▸ REQUIREMENT: Retype the listing exactly, minus its pictures.

▸ GIVEN MATERIAL:
┄┄┄┄┄┄
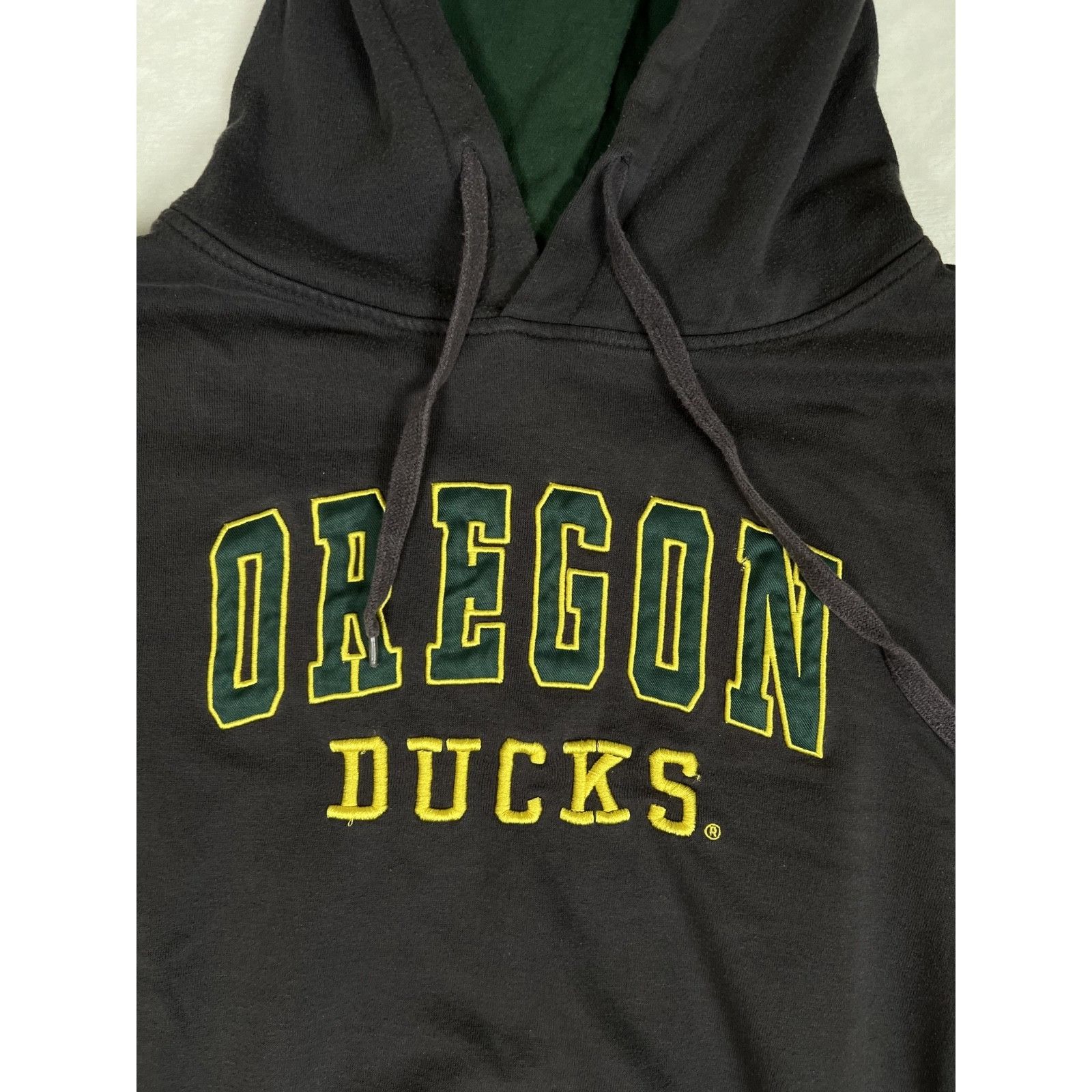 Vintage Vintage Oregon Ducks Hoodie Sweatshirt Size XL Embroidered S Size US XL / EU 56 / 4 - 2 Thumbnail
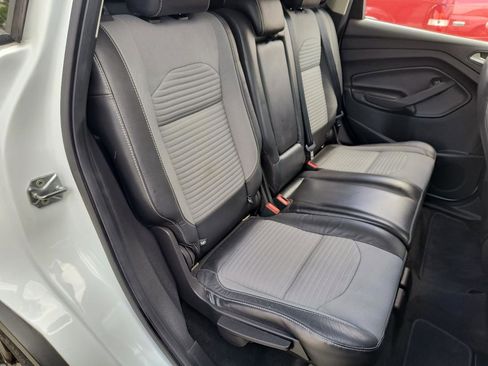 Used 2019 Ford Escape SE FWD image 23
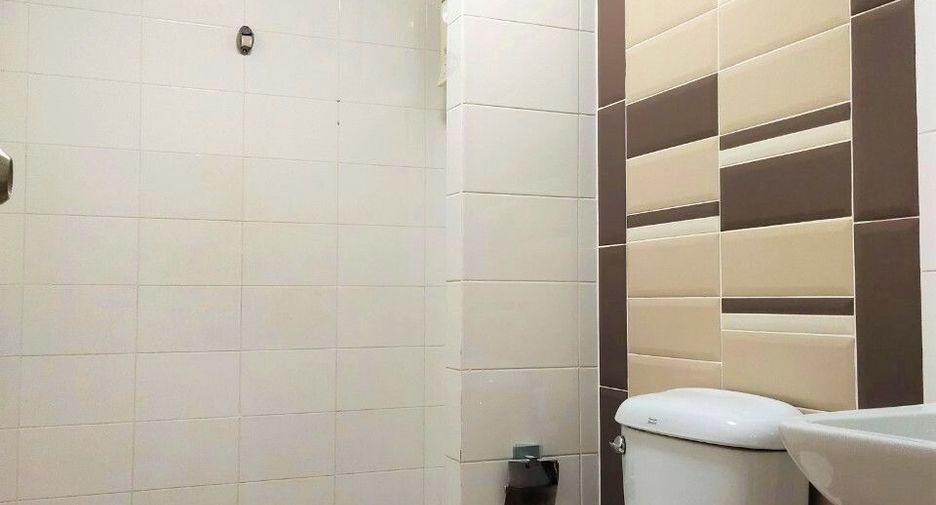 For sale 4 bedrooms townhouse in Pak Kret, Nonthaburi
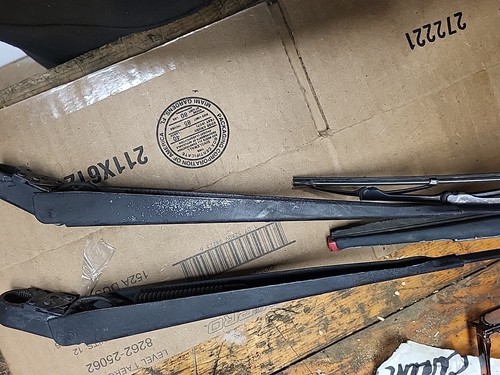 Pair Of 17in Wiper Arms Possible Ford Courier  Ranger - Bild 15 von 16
┄┄┄┄┄┄
▸ SOLUTION:
 Vintage Vintage Oregon Ducks Hoodie Sweatshirt Size XL Embroidered S Size US XL / EU 56 / 4 - 2 Thumbnail
 Used 2019 Ford Escape SE FWD image 23
 For sale 4 bedrooms townhouse in Pak Kret, Nonthaburi
 Pair Of 17in Wiper Arms Possible Ford Courier  Ranger - Bild 15 von 16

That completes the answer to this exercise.